To test migration, I suggest you use virt-test. Install
autotest-framework if you run Fedora, clone
https://github.com/autotest/virt-test.git and do "./run -t qemu
--qemu-bin=/path/to/qemu-system-x86_64".
> ram_control_before_iterate(f, RAM_CONTROL_FINISH);
>
> /* try transferring iterative blocks of memory */
>
> + rcu_read_lock();
> /* flush all remaining blocks regardless of rate limiting */
> while (true) {
> int bytes_sent;
> @@ -741,11 +757,10 @@ static int ram_save_complete(QEMUFile *f, void *opaque)
> }
> bytes_transferred += bytes_sent;
> }
> -
> + rcu_read_unlock();
> ram_control_after_iterate(f, RAM_CONTROL_FINISH);
> migration_end();
>
> - qemu_mutex_unlock_ramlist();
> qemu_put_be64(f, RAM_SAVE_FLAG_EOS);
>
> return 0;
> diff --git a/exec.c b/exec.c
> index 5eebcc1..52b282a 100644
> --- a/exec.c
> +++ b/exec.c
> @@ -46,7 +46,7 @@
> #endif
> #include "exec/cpu-all.h"
> #include "qemu/tls.h"
> -
> +#include "qemu/rcu_queue.h"
> #include "exec/cputlb.h"
> #include "translate-all.h"
>
> @@ -57,7 +57,10 @@
> #if !defined(CONFIG_USER_ONLY)
> static int in_migration;
>
> -RAMList ram_list = { .blocks = QTAILQ_HEAD_INITIALIZER(ram_list.blocks) };
> +/* ram_list is enabled for RCU access - writes should be protected
> + * by the iothread lock or an equivalent mutex.
> + */
/* ram_list is read under rcu_read_lock()/rcu_read_unlock(). Writes
* are protected by a lock, currently the iothread lock.
*/
> +RAMList ram_list = { .blocks = QLIST_HEAD_INITIALIZER(ram_list.blocks) };
>
> static MemoryRegion *system_memory;
> static MemoryRegion *system_io;
> @@ -1123,16 +1138,18 @@ static int memory_try_enable_merging(void *addr,
> size_t len)
> return qemu_madvise(addr, len, QEMU_MADV_MERGEABLE);
> }
>
> +/* Called with the iothread lock being held, so we can
> + * foregoe protecting the ram_list.

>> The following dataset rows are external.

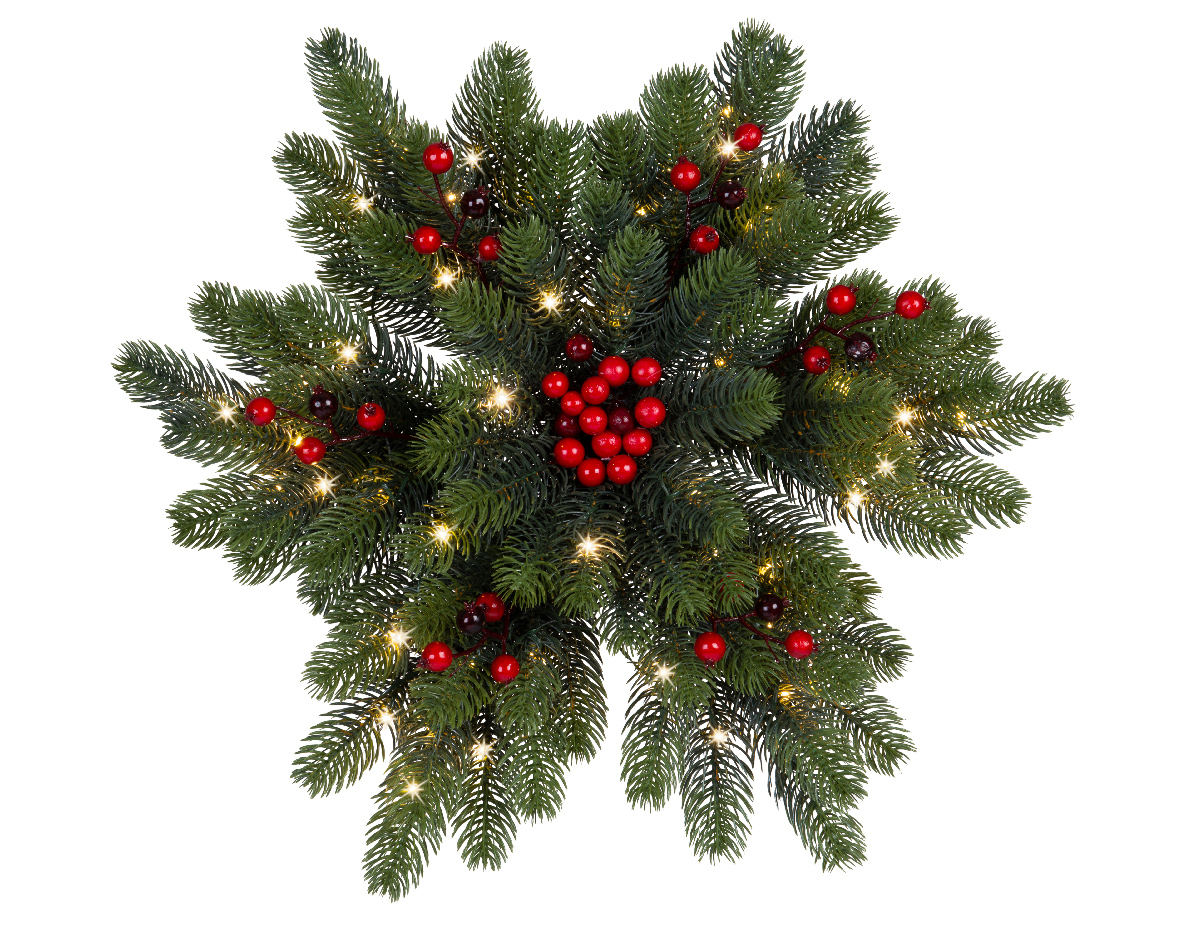 Stjärna Grön/röd LED 50cm - Krans & Girland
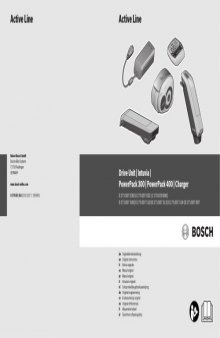 Bosch eBike Manual Active Line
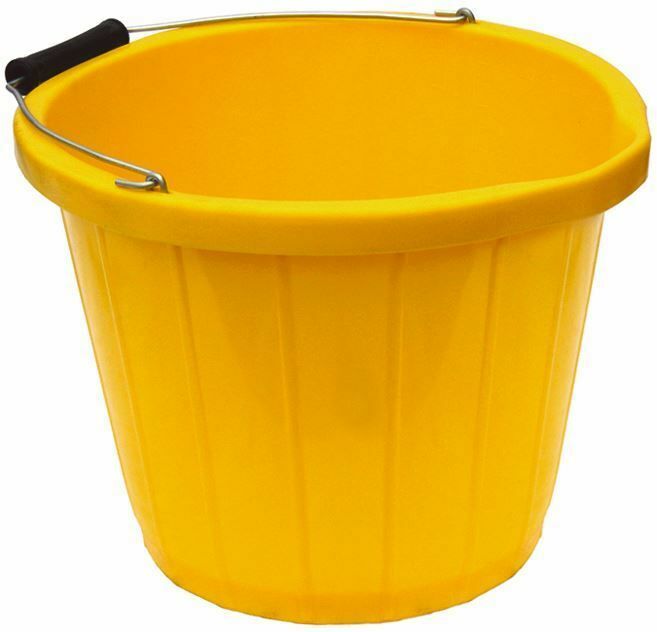 YELLOW PLASTIC BUCKET (3 GALLON)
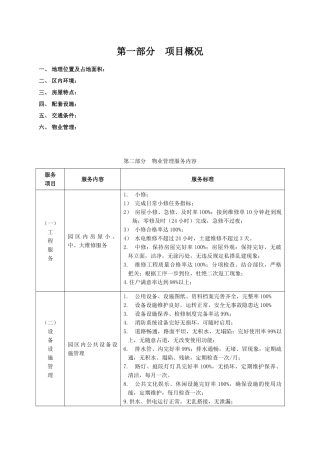 别墅物业管理方案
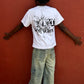 “KC Guitar” Distressed White Tee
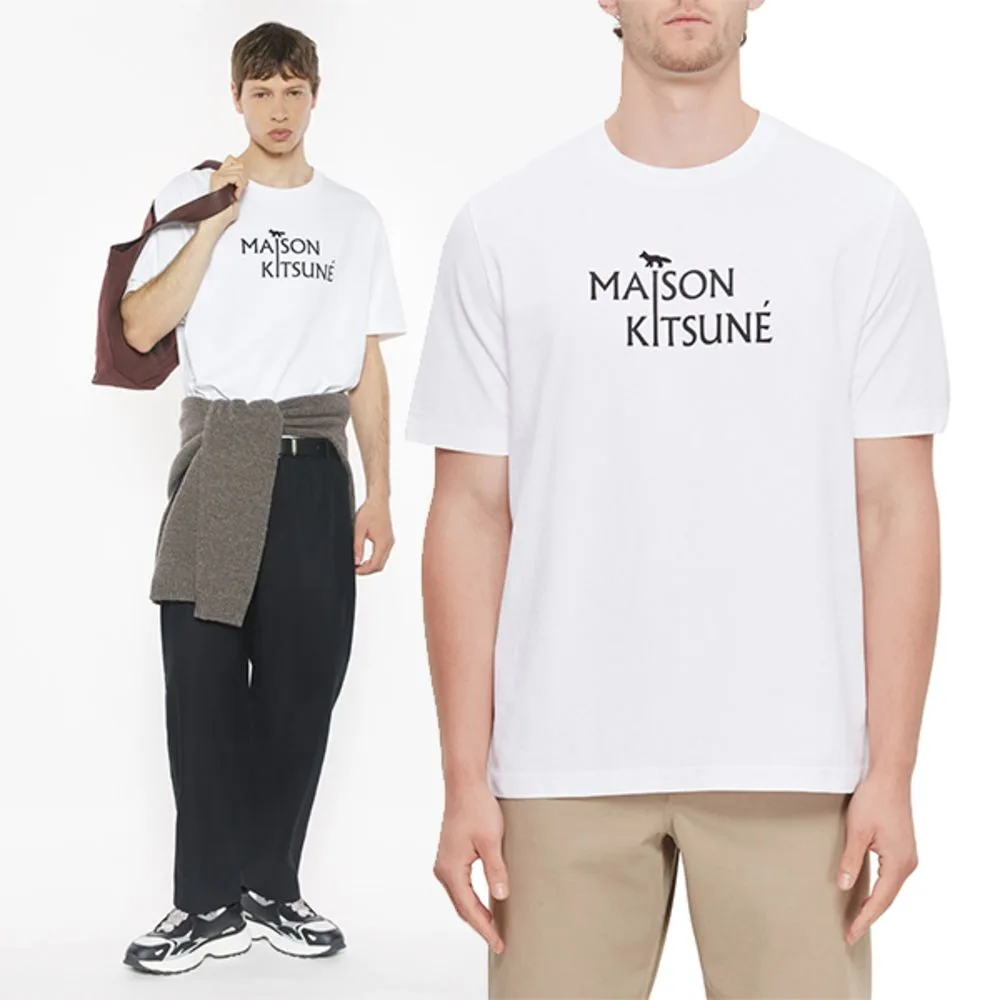 MAISON KITSUNÉ 메종키츠네 필러 남성 반팔티셔츠 썸네일 6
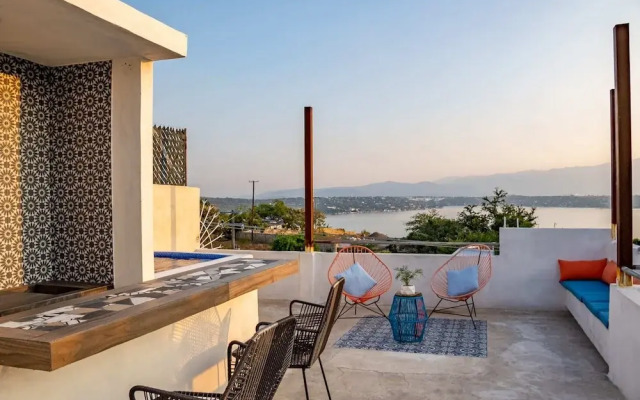 Vida Casa Kuxtal Roof con vista al Lago
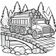 Trucks Coloring Book #2 – Printable Coloring Book for Ages 3–5 | Coloring.kids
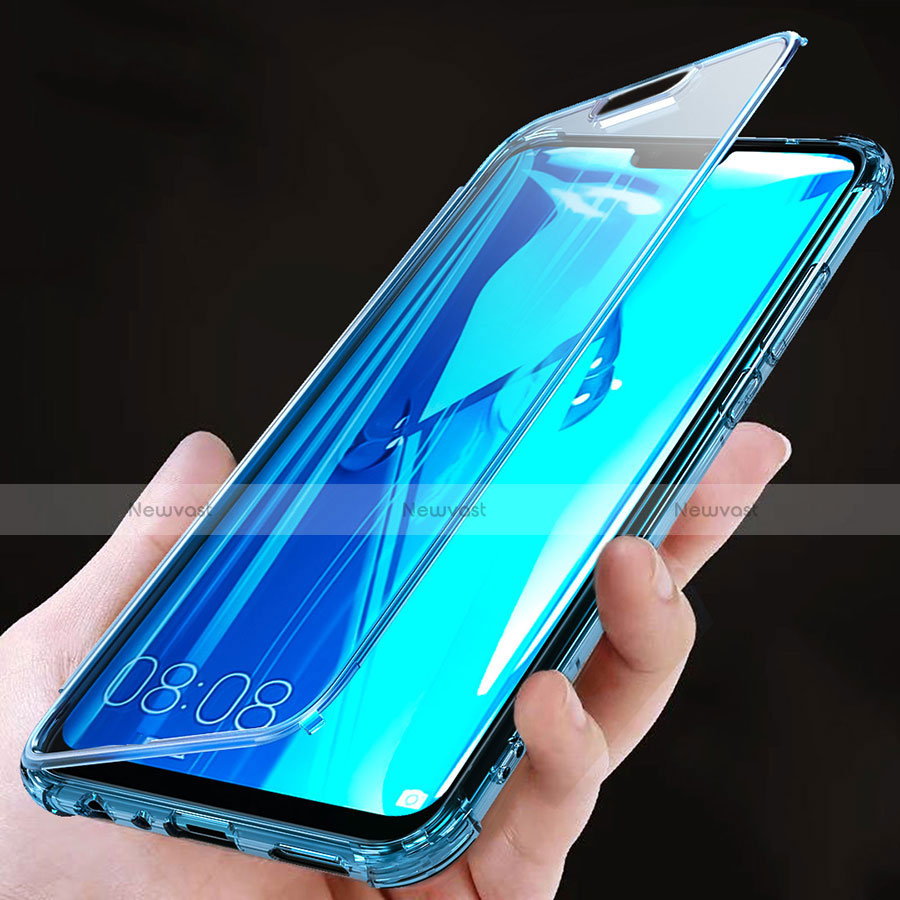Ultra-thin Transparent TPU Soft Case T07 for Huawei Enjoy 9 Plus Sky Blue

When that changes,
s/foregoe/forgo/ ...
> + * acquire the iothread mutex before writing the list below.
... but I don't think the comment is accurate. Being a very coarse
lock, the iothread mutex will almost always be taken by the caller of a
function that requires it, for two reasons:
1) a function will almost always have callers that hold the lock and
callers that don't
2) the iothread mutex must always be taken _outside_ other locks to
prevent ABBA deadlock.
So I would just write /* Called with the iothread lock held */ in the
write sides (in fact the current standard is to document stuff that is
called _without_ the lock held! :)). Reads that do not take the
rcu_read_lock() of course need more explanation, which is what you did
for find_ram_offset() and qemu_ram_set_idstr().
> + */
> ram_addr_t qemu_ram_alloc_from_ptr(ram_addr_t size, void *host,
> MemoryRegion *mr)
> {
> - RAMBlock *block, *new_block;
> + RAMBlock *block, *new_block, *last_block = 0;
>
> size = TARGET_PAGE_ALIGN(size);
> new_block = g_malloc0(sizeof(*new_block));
>
> - /* This assumes the iothread lock is taken here too. */
> - qemu_mutex_lock_ramlist();
> new_block->mr = mr;
> new_block->offset = find_ram_offset(size);
> if (host) {
> @@ -1200,33 +1220,40 @@ ram_addr_t qemu_ram_alloc(ram_addr_t size,
> MemoryRegion *mr)
> return qemu_ram_alloc_from_ptr(size, NULL, mr);
> }
>
> +static void reclaim_ramblock(struct rcu_head *prcu)
> +{
> + RAMBlock *block = container_of(prcu, struct RAMBlock, rcu);
> + g_free(block);
> +}
> +
> +
> void qemu_ram_free_from_ptr(ram_addr_t addr)
> {
> RAMBlock *block;
>
> - /* This assumes the iothread lock is taken here too. */
> - qemu_mutex_lock_ramlist();
> - QTAILQ_FOREACH(block, &ram_list.blocks, next) {
> + /* This assumes the iothread lock is taken here too. */
> + QLIST_FOREACH_RCU(block, &ram_list.blocks, next) {
> if (addr == block->offset) {
> - QTAILQ_REMOVE(&ram_list.blocks, block, next);
> + QLIST_REMOVE_RCU(block, next);
> ram_list.mru_block = NULL;
> ram_list.version++;
> - g_free(block);
> + call_rcu1(&block->rcu, reclaim_ramblock);
You can use call_rcu too:
call_rcu(block, reclaim_ramblock, rcu);
or possibly even this:
call_rcu(block, g_free, rcu);
This removes the container_of from reclaim_ramblock, which can take a
RAMBlock * directly.
> break;
> }
> }
> - qemu_mutex_unlock_ramlist();
> }
>
> void qemu_ram_free(ram_addr_t addr)
> {
> RAMBlock *block;
>
> - /* This assumes the iothread lock is taken here too. */
> - qemu_mutex_lock_ramlist();
> - QTAILQ_FOREACH(block, &ram_list.blocks, next) {
> + /* This assumes the iothread lock is taken here too.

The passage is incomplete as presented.